Malcolm, como o jovem fiel e confiável que é, ajuda a cuidar da menina - mas a ameaça iminente está cada vez maior, e um homem sedutor (cujo daemon é uma hiena perneta) chega na Truta e começa a rondar o convento, preparando o terreno para o rapto da pequena Lyra. É então que Malcolm, após receber a visita do pai de Lyra, decide intervir e evitar uma tragédia que resultaria no fim da criança, que aqui tinha apenas seis meses de idade. Avisado sobre uma inundação que ocorreria logo muito em breve, Malcolm percebe os sinais e decide ele mesmo, junto com outra menina que trabalha na Truta, Alice, sequestrar Lyra e levá-la à guarda do pai antes que a criança se perca nas mãos malfeitoras do homem com o daemon hiena e outras pessoas que querem usá-la como ferramenta política na guerra que permeia o Magistério. 

Malcolm e Alice sequestram Lyra para protegê-la, e é então que La Belle Sauvage se consolida como uma crônica alucinante de fugas e perseguições de tirar o fôlego. O objetivo central é simples: manter Lyra em segurança e garantir a sua sobrevivência. No entanto, cada etapa a ser avançada exige um esforço maior do que a anterior, criando uma teia complexa de eventos que os levam ao limite de seus recursos e capacidades, fazendo sua jornada ser memorável e revelando-se extremamente necessária e influente para os eventos que norteiam A Bússola de Ouro. O que dá charme e profundidade ao livro são as tramas secundárias, com coisas que só se percebe conhecendo o futuro de Lyra e a batalha que se constrói contra a opressão, que vai se estabelecendo nos bastidores da fuga de Malcolm e daqueles que a acobertam. O livro se inclina também a debates sobre o nascimento do fascismo - o fascismo de verdade - com a instauração da Liga de Santo Alexandre, que leva as crianças a delatarem todo comportamento que possa ser considerado suspeito em oposição ao Magistério. Ao flertar com esses traços, a trama estabelece um discurso que, embora em dimensões menores do que as da trilogia Fronteiras do Universo, contém uma ferocidade intensa e relevante para os dias atuais, evidenciando aos leitores a necessidade da observância ao surgimento de regimes autoritários e opressores, que usam a censura como um caminho para alcançar o poder.

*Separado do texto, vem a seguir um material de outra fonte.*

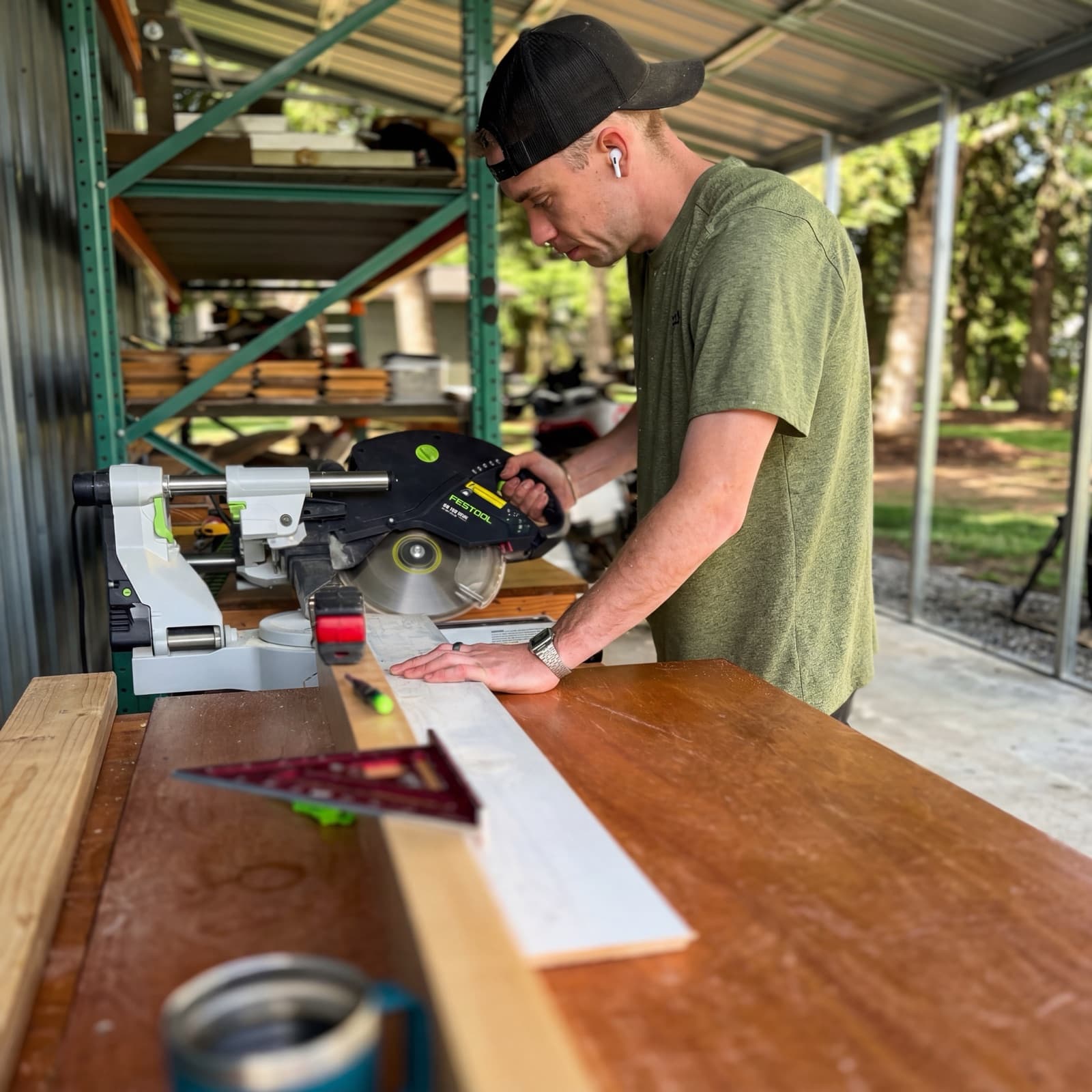 The founder at the miter saw in the Yutori shop, Graham, WA — cutting cedar stock for a build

POR QUE MERECE VIRAR FILME ?

A delicadeza do tato de Pullman para tratar os mais variados temas dentro do universo que criou é algo raro de se ver - mas não difícil de converter a uma linguagem cinematográfica. Isso se dá porque o livro possui uma estrutura que lembra bastante o arco de atos que Syd Field apontou em seu estudo sobre a estrutura dos roteiros de cinema. A diferença aqui é que o principal ponto de virada está no meio do livro, fazendo uma divisão de atos que cria dois estilos de trama em uma única obra: na primeira metade temos o suspense e a crescente tensão provocada pela aproximação sorrateira de um mal iminente, e na segunda metade o que temos é uma narrativa ágil de ação que se desenrola com a urgência de uma corrida contra o tempo e contra uma força da natureza.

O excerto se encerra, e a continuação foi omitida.